Midnight at the Dragon Cafe 
Judy Fong Bates, 2005
Counterpoint
336 pp.
ISBN-13: 9781582431895


Summary 
Set in the 1960s, Judy Fong Bates’s much-talked-about debut novel is the story of a young girl, the daughter of a small Ontario town’s solitary Chinese family, whose life is changed over the course of one summer when she learns the burden of secrets. Through Su-Jen’s eyes, the hard life behind the scenes at the Dragon Cafe unfolds.

As Su-Jen’s father works continually for a better future, her mother, a beautiful but embittered woman, settles uneasily into their new life. Su-Jen feels the weight of her mother’s unhappiness as Su-Jen’s life takes her outside the restaurant and far from the customs of the traditional past. When Su-Jen’s half-brother arrives, smouldering under the responsibilities he must bear as the dutiful Chinese son, he forms an alliance with Su-Jen’s mother, one that will have devastating consequences.

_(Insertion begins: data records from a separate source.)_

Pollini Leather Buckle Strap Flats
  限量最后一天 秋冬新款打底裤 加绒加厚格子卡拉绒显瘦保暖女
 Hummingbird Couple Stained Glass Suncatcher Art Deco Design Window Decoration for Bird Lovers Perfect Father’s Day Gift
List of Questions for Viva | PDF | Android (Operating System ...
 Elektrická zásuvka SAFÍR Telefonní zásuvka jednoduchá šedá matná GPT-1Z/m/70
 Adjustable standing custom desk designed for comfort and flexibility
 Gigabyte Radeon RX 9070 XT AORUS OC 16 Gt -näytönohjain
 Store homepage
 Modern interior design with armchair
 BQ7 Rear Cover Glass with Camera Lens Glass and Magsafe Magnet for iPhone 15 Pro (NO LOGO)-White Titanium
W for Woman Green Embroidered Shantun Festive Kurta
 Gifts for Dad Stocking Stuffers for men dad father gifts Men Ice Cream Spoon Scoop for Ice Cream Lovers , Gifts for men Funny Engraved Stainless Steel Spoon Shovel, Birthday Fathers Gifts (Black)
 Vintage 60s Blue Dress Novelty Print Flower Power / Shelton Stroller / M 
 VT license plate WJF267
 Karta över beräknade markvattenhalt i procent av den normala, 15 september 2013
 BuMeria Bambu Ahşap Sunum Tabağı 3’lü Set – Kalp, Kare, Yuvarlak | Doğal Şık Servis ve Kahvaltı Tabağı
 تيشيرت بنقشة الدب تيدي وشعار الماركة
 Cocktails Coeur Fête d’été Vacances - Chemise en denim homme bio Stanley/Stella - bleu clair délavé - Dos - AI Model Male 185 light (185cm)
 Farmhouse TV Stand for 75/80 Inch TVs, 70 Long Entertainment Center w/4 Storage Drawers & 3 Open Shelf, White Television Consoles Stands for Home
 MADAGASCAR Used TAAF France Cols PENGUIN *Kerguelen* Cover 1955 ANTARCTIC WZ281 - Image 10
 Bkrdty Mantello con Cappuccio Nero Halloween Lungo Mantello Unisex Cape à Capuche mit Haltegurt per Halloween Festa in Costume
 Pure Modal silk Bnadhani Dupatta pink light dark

Written in spare, intimate prose, Midnight at the Dragon Cafe is a vivid portrait of a childhood divided by two cultures and touched by unfulfilled longings and unspoken secrets. (From the publisher.)



Author Bio 
Birth—1949 
Where—China
Reared—Ontario, Canada
Education—N/A
Currently—lives in Toronto, Canada


Judy Fong Bates came to Canada from China as a young girl and grew up in several small Ontario towns. She is the author of a collection of short stories, China Dog, and a novel, Midnight at the Dragon Cafe. Her stories have been broadcast on CBC Radio and published in literary journals and anthologies.



Book Reviews
The sexual crime at the center of this story is almost Sophoclean, but Bates's unpretentious prose keeps the potential melodrama in check. By the end, when Su-Jen looks back at her parents and the small, painful world they created to give her a "lucky" childhood, she realizes how truly costly their efforts were. Everyone's life, she reminds us, is a story of immigration, a bracing journey to new perspectives that make home "a distant place."
Ron Charles - Washington Post


In this deeply affecting debut novel by the author of the short story collection China Dog, intrepid Su-Jen Chou, the only daughter of parents who flee Communist China in the 1950s to become proprietors of a Chinese restaurant in an isolated Ontario town, watches as her family unravels. In Irvine, it is "so quiet you can hear the dead," and Su-Jen's mother, Jing, beautiful and bitter, laments her imprisonment in an unfamiliar country. To Jing's chagrin, Su-Jen's father, Hing-Wun, much older than his wife, believes in the traditional method for obtaining wealth: endless hard work. When Su-Jen's handsome older half-brother, Lee-Kung, comes to live with the family and help out in the restaurant, Su-Jen is happy, but soon she notices her mother and Lee-Kung exchanging veiled glances and realizes they're keeping some dangerous secret. Increasingly, Su-Jen finds herself caught between her parents, who have "settled into an uneasy and distant relationship... their love, their tenderness, they give to their daughter." She seeks relief in books and in the Chinese tales her father loves to tell, but the trouble festering comes to a head when a mail-order bride arrives for her brother. Bates conveys with pathos and generosity the anger, disappointment, vulnerability and pride of people struggling to balance duty and passion.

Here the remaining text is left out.